■ Problem:
Once the line holding "Preview for 8" is found, output it and all remaining lines of the data exactly, with every picture left out.

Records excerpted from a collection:
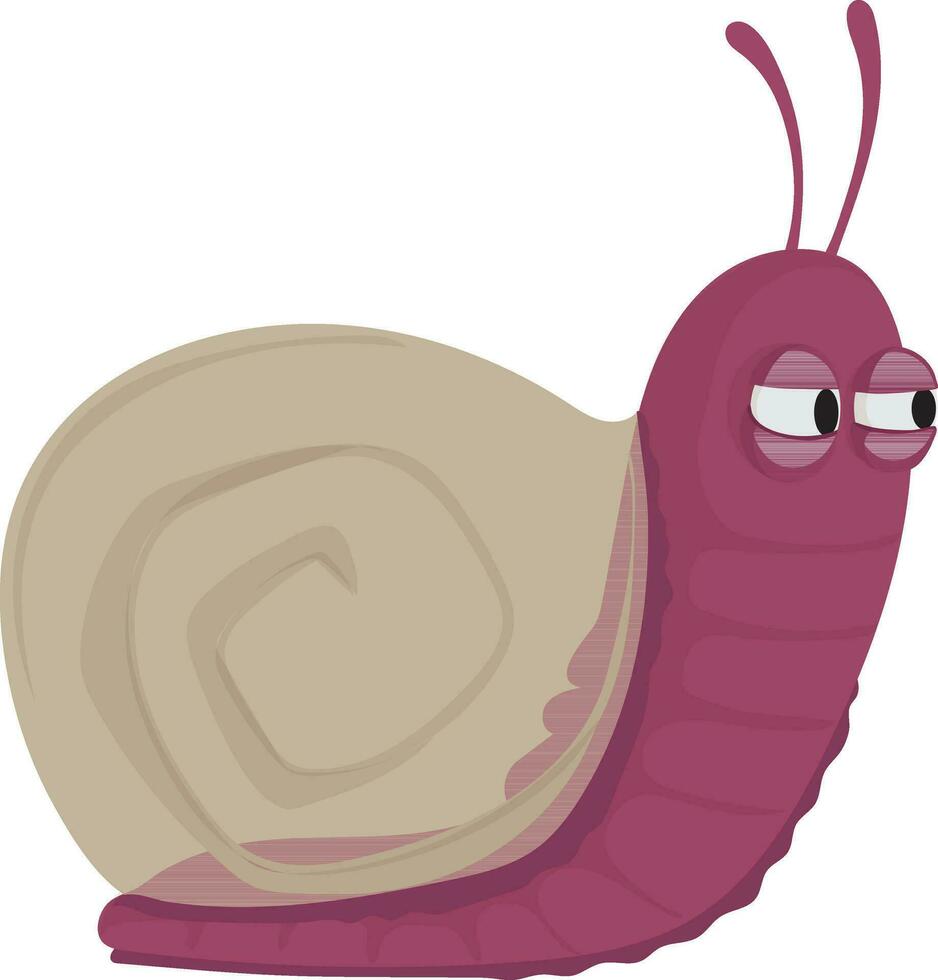 Illustration of snail. vector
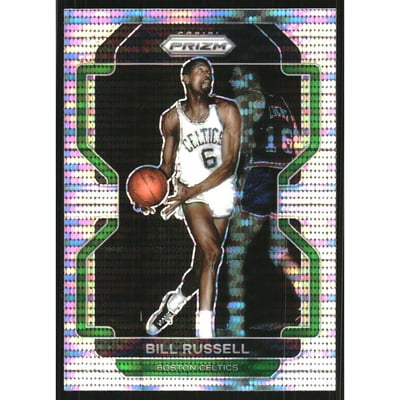 2021-22 Panini Prizm Prizms Pulsar #254 Bill Russell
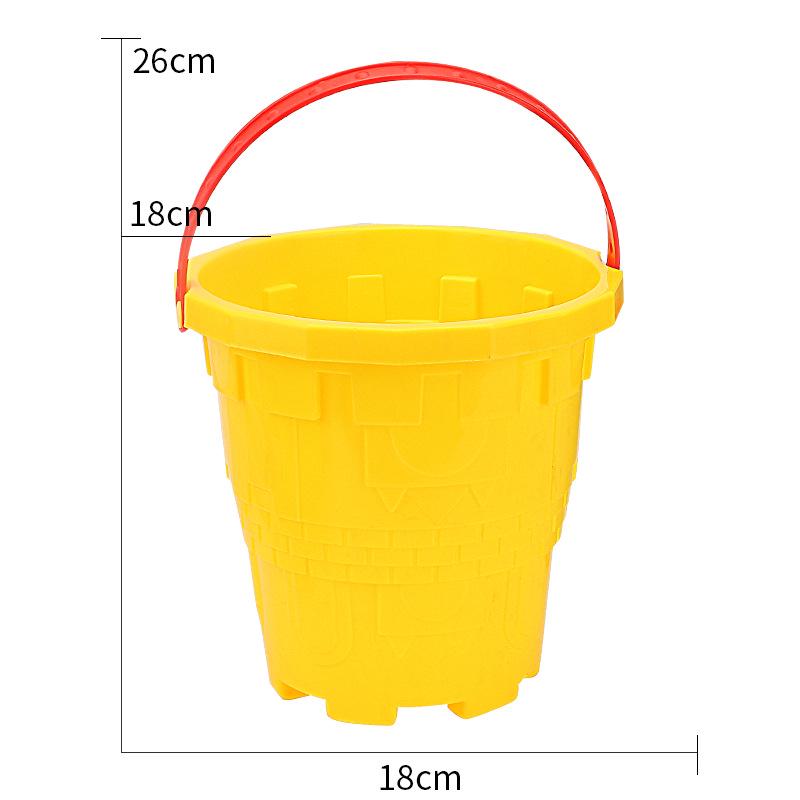 Çocuk Plaj Oyuncak Seti: Dayanıklı Plastik Kale Kovası ve Kum Oyun Araçları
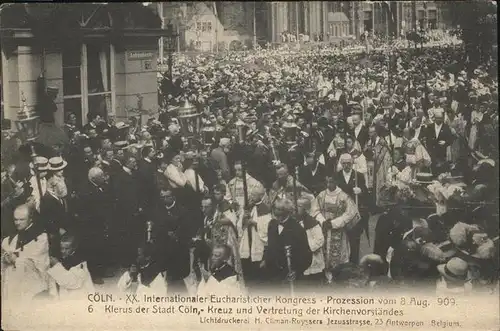 Koeln Intenationaler Eucharistischer Kongress Prozession Kat. Koeln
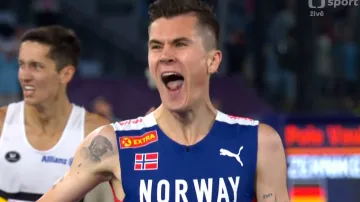 Finále běhu na 1500 metrů se zlatým Ingebrigtsenem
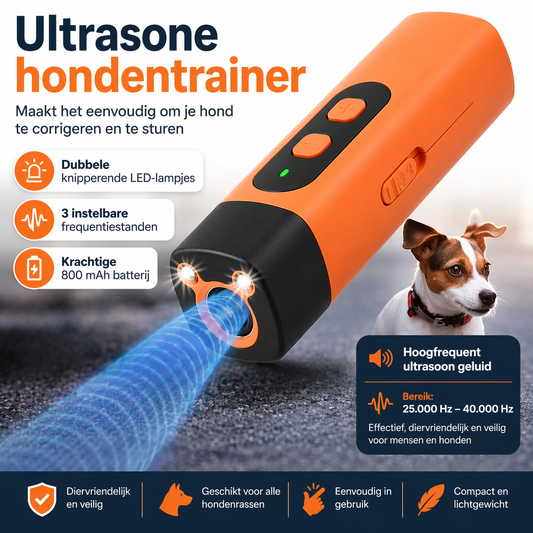 PetControl™ | Arrête immédiatement les comportements indésirables, tels que les aboiements, les sauts et l'agitation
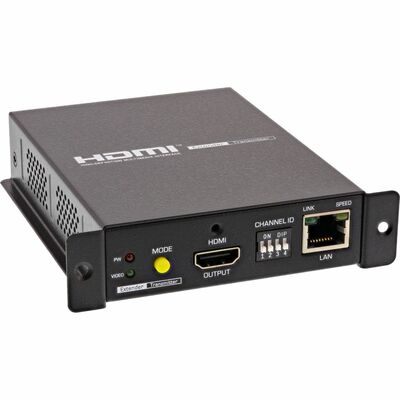 Predĺženie KVM cez TP do 100m, HDMI 4K@30Hz, USB, IR, RS232, (aj cez LAN/TCP/IP)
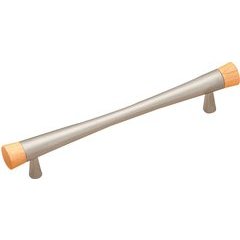 Eclectic 5-1/32 Inch Center to Center Bar Pulls with Satin Nickel Finish Eclectic 5-1/32 Inch Center to Center Bar Pulls with Satin Nickel Finish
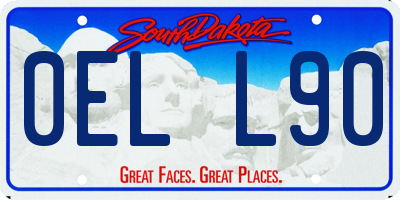 SD license plate 0ELL90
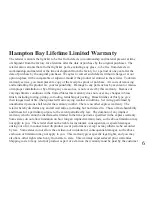 Preview for 8 page of HAMPTON BAY Home Depot SKU 110348 Instruction Manual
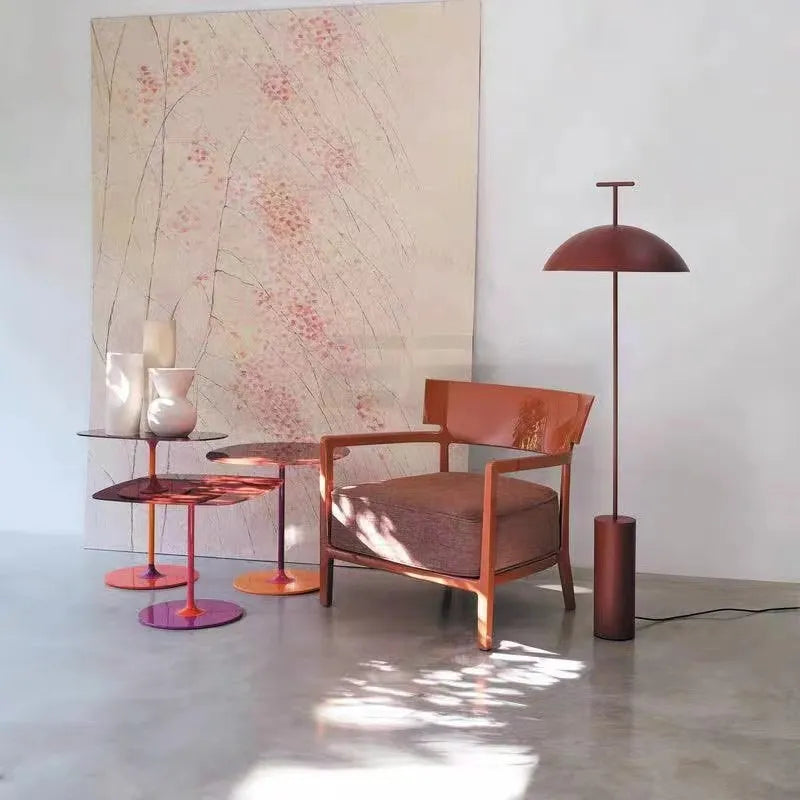lampadaire industriel design avec abat-jour en métal - vue 6 sur 9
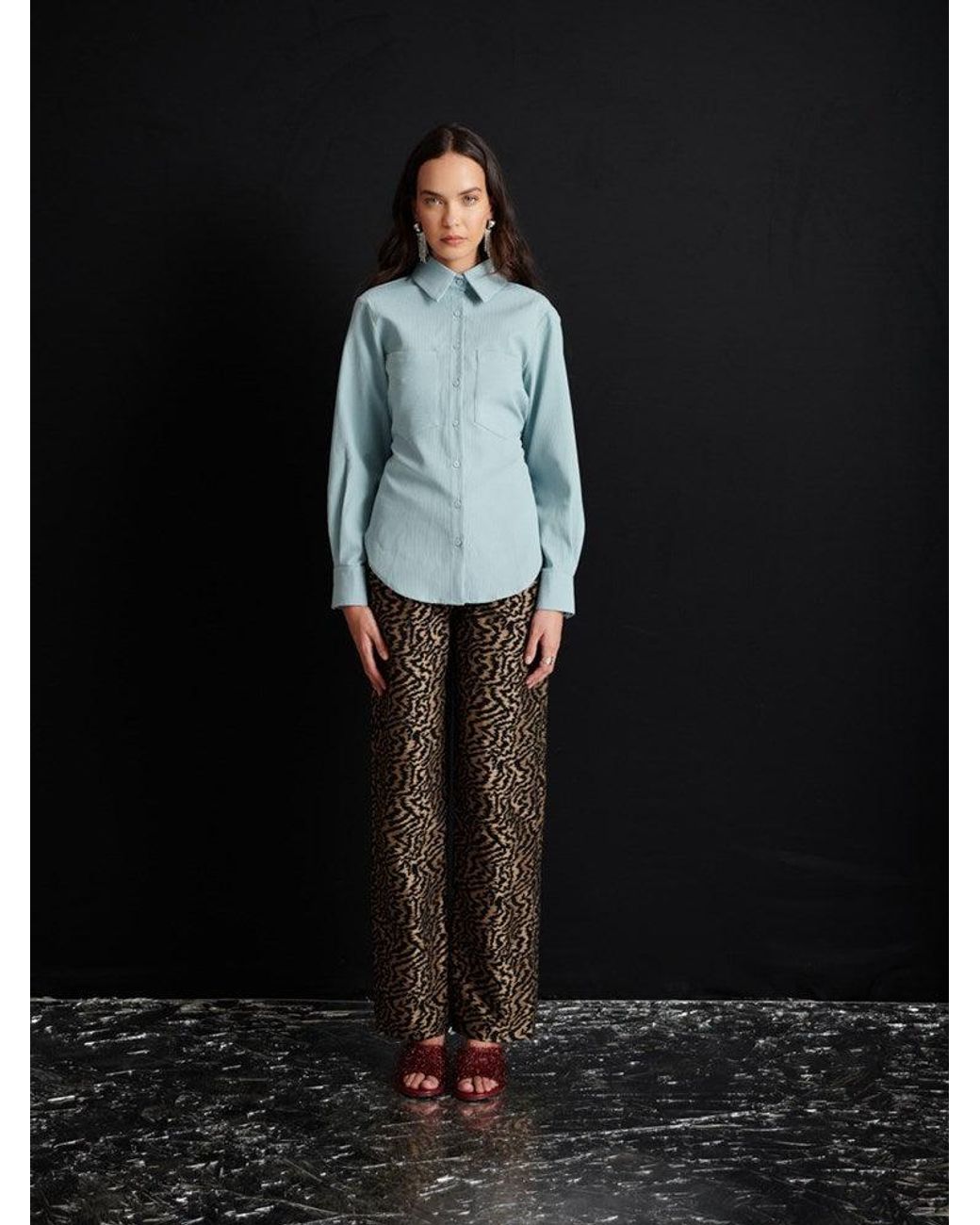 Sister Jane Black Ghospell Cody Oversized Shirt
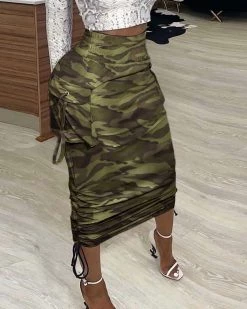 Divanewlook Cargo Skirt New In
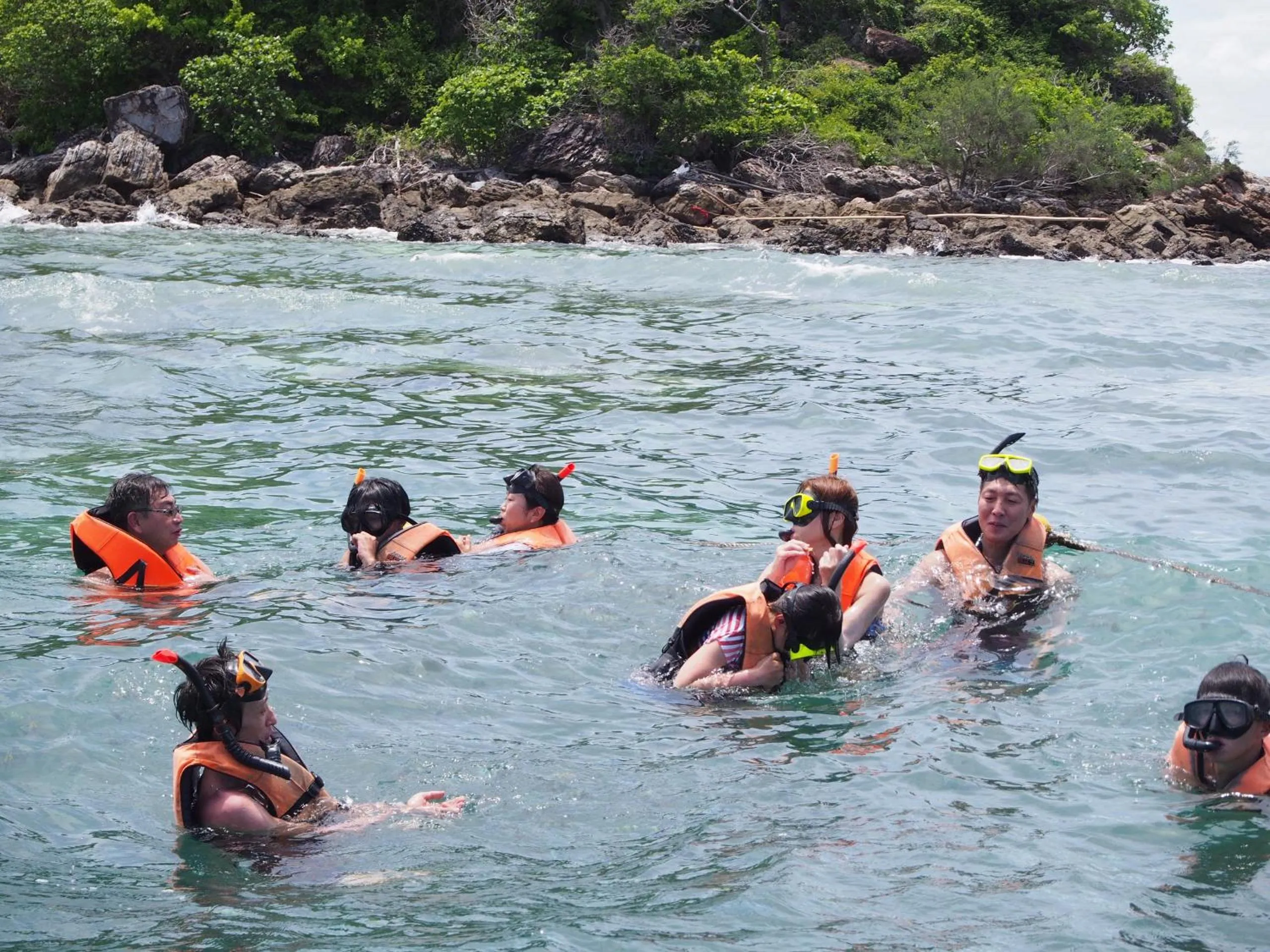 Fishing in Samed Runa Village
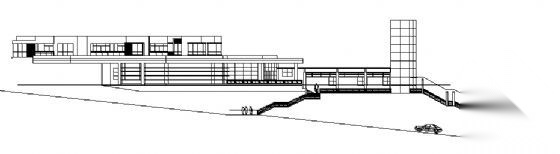 某二层售楼处建筑设计方案cad施工图下载【ID:165141108】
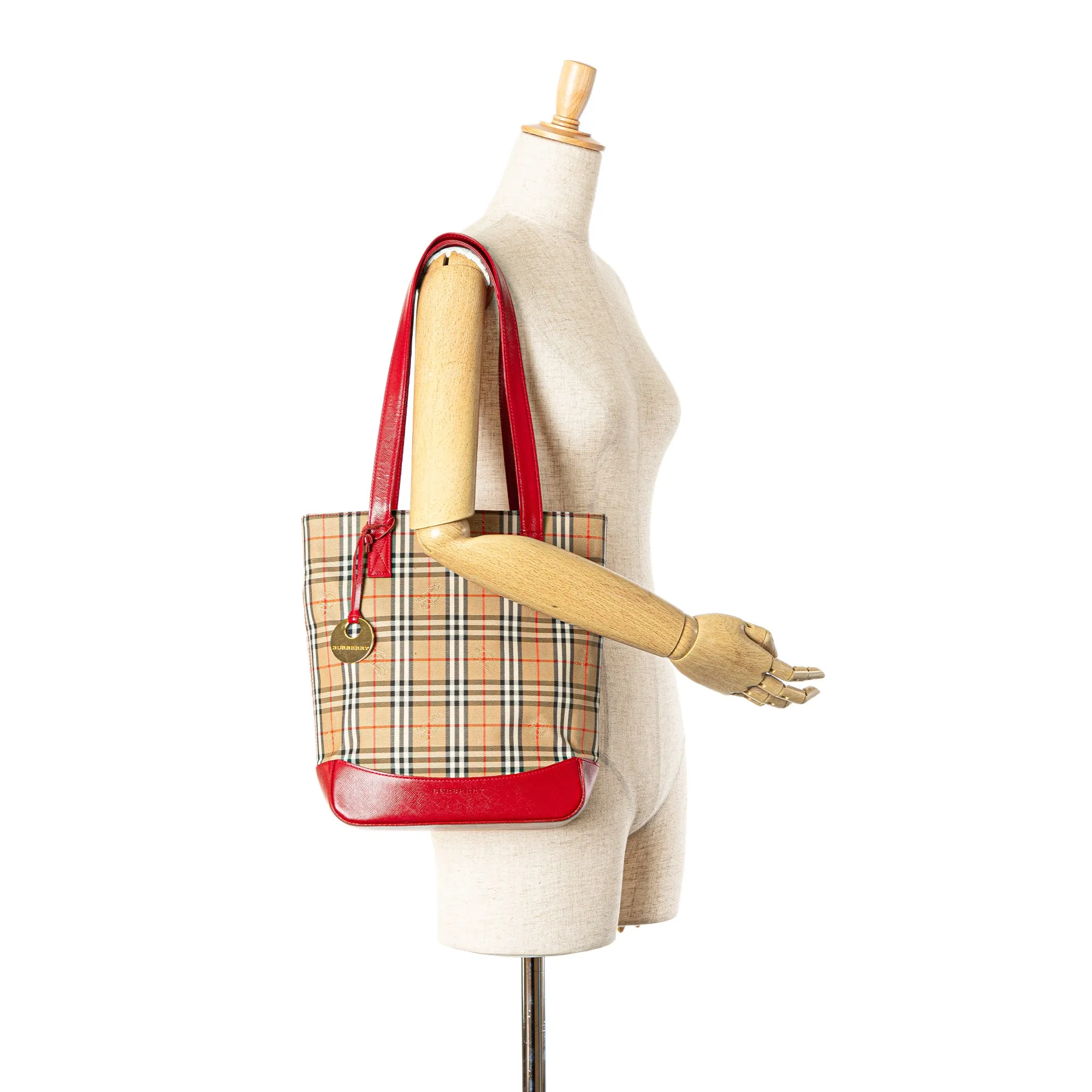 Haymarket Check Canvas Tote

■ Exercise result:
 Preview for 8 page of HAMPTON BAY Home Depot SKU 110348 Instruction Manual
lampadaire industriel design avec abat-jour en métal - vue 6 sur 9
 Sister Jane Black Ghospell Cody Oversized Shirt
 Divanewlook Cargo Skirt New In
 Fishing in Samed Runa Village
 某二层售楼处建筑设计方案cad施工图下载【ID:165141108】
 Haymarket Check Canvas Tote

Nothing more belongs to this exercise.